Bawaslu Rokan Hilir Perkuat Konsolidasi Demokrasi Melalui Audiensi dengan DPD PKS
|
ROKAN HILIR – Badan Pengawas Pemilihan Umum (Bawaslu) Kabupaten Rokan Hilir melaksanakan kunjungan kerja strategis dalam rangka memperkuat konsolidasi demokrasi melalui audiensi dengan Dewan Pimpinan Daerah (DPD) Partai Keadilan Sejahtera (PKS) Kabupaten Rokan Hilir pada Selasa, 05 Mei 2026.
Ketua Bawaslu Rokan Hilir menyampaikan bahwa agenda konsolidasi demokrasi ini merupakan implementasi langsung dari instruksi Bawaslu Republik Indonesia. Program ini menyasar berbagai elemen konstituen, mulai dari kelompok masyarakat, individu, hingga pemangku kepentingan (stakeholders). Berdasarkan pemaparan dalam pertemuan tersebut, program konsolidasi ini telah diimplementasikan secara intensif selama empat bulan terakhir dengan frekuensi pertemuan mencapai tiga kali dalam sepekan.
Ketua DPD PKS Rokan Hilir, Edison, menyambut baik inisiatif kelembagaan tersebut. Dalam audiensi ini, pihak PKS turut memperkenalkan struktur kepengurusan baru hasil restrukturisasi dan rekomposisi organisasi. Edison menegaskan bahwa transisi kepemimpinan di internal PKS senantiasa mengedepankan mekanisme Pemilihan Raya (Pemira) sebagai perwujudan sistem kaderisasi yang demokratis dan akuntabel.
"Kami sangat mengapresiasi kehadiran Bawaslu Rohil dalam upaya memperkuat literasi regulasi pemilu.

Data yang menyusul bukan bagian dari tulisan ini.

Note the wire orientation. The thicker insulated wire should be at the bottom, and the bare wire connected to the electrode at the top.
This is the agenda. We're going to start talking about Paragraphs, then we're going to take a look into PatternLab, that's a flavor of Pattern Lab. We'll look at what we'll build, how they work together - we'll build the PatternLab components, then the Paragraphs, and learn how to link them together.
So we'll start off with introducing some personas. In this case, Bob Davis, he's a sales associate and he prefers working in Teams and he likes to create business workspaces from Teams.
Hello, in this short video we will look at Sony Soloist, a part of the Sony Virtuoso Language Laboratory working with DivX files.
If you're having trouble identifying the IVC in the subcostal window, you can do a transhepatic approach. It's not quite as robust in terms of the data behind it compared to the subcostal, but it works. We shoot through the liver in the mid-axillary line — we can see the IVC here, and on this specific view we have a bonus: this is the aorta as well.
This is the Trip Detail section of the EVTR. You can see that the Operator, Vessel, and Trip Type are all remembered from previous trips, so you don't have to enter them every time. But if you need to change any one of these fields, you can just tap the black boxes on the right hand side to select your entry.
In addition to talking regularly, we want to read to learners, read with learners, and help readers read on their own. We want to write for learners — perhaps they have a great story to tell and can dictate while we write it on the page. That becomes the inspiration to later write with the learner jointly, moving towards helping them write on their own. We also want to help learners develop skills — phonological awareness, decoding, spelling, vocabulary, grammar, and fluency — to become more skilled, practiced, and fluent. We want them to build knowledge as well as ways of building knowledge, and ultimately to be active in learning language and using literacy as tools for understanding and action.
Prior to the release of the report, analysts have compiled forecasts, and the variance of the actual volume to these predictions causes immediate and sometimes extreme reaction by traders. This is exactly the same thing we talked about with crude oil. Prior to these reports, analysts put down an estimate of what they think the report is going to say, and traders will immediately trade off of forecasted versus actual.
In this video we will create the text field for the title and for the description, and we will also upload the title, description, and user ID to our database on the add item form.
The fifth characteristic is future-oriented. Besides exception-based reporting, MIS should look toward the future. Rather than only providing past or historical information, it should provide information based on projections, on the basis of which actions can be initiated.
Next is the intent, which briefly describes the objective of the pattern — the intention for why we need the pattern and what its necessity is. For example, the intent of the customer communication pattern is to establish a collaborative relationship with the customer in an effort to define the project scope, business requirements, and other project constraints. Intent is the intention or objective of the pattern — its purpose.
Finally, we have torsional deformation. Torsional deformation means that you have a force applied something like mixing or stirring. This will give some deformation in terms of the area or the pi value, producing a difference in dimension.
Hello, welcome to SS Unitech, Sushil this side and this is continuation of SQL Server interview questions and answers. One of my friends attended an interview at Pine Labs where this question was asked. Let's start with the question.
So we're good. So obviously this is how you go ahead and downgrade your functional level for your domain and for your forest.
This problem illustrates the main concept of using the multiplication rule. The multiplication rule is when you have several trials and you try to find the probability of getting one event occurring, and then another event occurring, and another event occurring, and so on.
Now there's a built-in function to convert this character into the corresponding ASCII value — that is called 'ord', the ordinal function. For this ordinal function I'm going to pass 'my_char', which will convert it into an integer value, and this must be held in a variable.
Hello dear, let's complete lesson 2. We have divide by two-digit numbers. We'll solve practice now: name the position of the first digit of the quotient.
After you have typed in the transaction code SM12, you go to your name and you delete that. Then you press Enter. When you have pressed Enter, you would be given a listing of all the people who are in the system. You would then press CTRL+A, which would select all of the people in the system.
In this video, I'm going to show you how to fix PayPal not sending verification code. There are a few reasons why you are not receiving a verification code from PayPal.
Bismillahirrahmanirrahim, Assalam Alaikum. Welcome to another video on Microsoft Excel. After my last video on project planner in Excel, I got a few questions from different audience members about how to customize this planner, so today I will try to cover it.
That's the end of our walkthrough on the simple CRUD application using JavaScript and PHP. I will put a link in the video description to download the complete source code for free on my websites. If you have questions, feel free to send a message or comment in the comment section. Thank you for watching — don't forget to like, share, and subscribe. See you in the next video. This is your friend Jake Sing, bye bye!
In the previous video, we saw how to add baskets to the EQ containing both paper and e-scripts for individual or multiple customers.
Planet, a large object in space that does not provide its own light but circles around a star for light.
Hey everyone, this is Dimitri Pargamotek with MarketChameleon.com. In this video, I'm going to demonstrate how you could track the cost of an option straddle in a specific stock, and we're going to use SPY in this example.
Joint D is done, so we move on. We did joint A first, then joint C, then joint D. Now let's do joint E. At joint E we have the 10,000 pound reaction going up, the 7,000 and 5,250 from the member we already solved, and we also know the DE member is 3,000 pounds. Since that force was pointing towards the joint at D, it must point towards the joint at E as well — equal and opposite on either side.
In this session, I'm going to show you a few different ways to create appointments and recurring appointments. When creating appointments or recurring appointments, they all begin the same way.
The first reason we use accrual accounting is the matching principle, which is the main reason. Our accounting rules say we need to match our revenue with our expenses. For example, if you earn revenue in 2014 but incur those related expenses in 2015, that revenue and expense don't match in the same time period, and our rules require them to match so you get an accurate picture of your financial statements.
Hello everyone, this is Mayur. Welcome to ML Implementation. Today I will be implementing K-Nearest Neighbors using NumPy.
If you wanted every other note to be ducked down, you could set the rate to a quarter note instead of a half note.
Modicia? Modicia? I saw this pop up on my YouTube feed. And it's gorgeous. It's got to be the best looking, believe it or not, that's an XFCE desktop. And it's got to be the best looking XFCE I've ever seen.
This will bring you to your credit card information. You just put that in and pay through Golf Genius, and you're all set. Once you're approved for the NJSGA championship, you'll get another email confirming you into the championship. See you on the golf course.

Kami berharap konsolidasi ini bertransformasi menjadi agenda rutin yang berkelanjutan demi peningkatan kualitas demokrasi di daerah kita," ujar Edison.
Koordinator Divisi Penanganan Pelanggaran, Nasrudin, memberikan apresiasi atas integritas PKS dalam mematuhi regulasi sepanjang tahapan Pemilu dan Pilkada serentak tahun 2024. Beliau menekankan bahwa sinergi antara peserta pemilu dan lembaga pengawas merupakan kunci utama dalam meminimalisir potensi pelanggaran administratif maupun pidana pemilu.
Lebih lanjut, Nasrudin memaparkan evaluasi penanganan pelanggaran pada periode sebelumnya serta mensosialisasikan mekanisme pelaporan formal. Hal ini mencakup pemahaman komprehensif mengenai syarat formil dan materiil yang menentukan validitas sebuah laporan untuk dapat diregistrasi oleh pengawas pemilu.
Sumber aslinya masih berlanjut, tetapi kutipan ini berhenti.